### GOAL OF THE EXERCISE
Please copy, exactly as written, the span from the first line below to the line that contains "I recommend you", including both, and skip the pictures.

### RECORDED INFORMATION
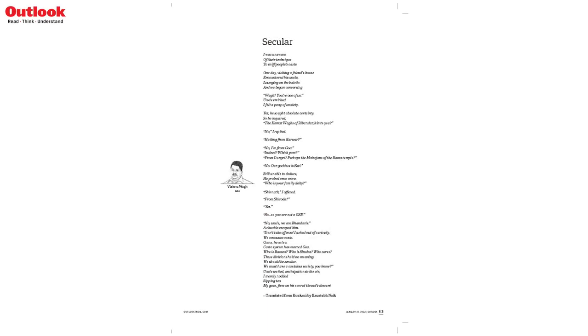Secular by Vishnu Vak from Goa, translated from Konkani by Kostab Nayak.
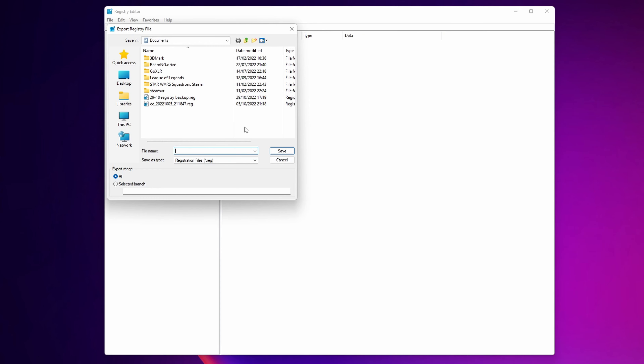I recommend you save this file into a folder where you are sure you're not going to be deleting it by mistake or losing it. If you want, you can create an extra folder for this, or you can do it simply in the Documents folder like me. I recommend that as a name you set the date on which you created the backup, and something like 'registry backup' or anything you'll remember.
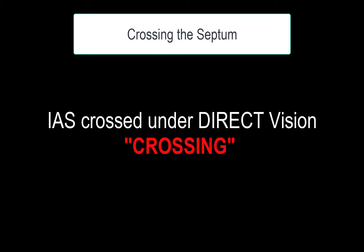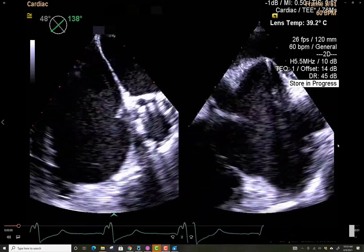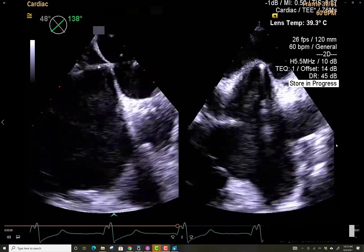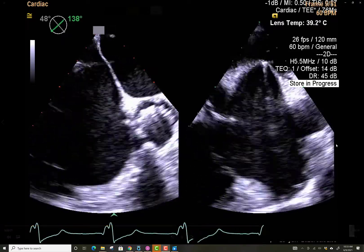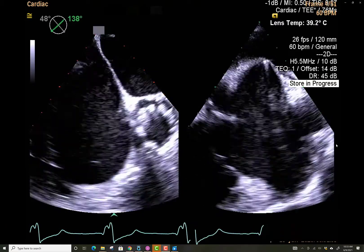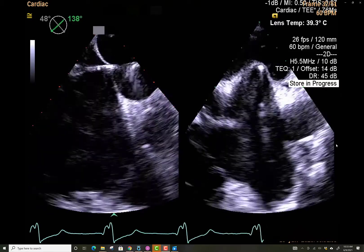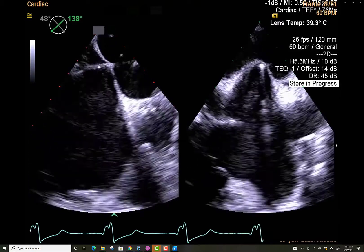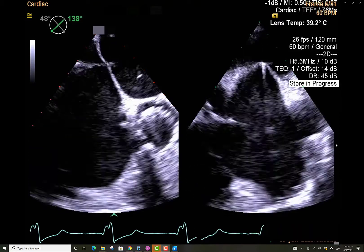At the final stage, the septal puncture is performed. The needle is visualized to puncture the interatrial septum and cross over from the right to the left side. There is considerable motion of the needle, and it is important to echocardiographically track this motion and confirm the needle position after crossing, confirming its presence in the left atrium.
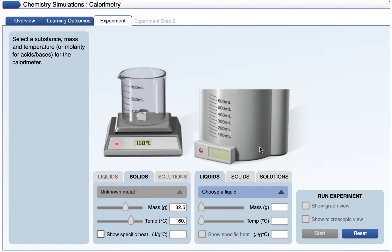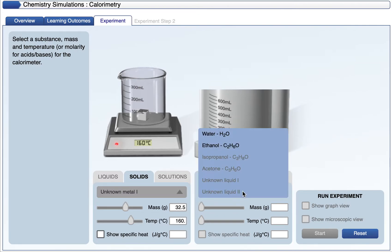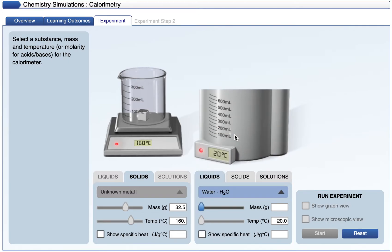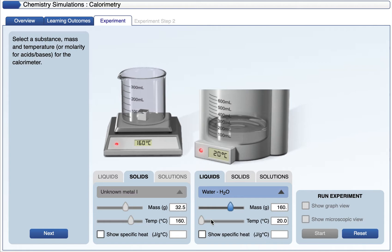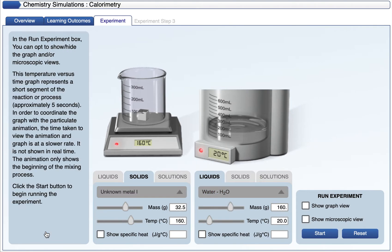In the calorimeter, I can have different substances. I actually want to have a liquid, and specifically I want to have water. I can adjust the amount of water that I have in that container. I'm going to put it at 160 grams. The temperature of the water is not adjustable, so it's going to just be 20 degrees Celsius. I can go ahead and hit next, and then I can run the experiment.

### OUTPUT BELOW
Secular by Vishnu Vak from Goa, translated from Konkani by Kostab Nayak.
I recommend you save this file into a folder where you are sure you're not going to be deleting it by mistake or losing it. If you want, you can create an extra folder for this, or you can do it simply in the Documents folder like me. I recommend that as a name you set the date on which you created the backup, and something like 'registry backup' or anything you'll remember.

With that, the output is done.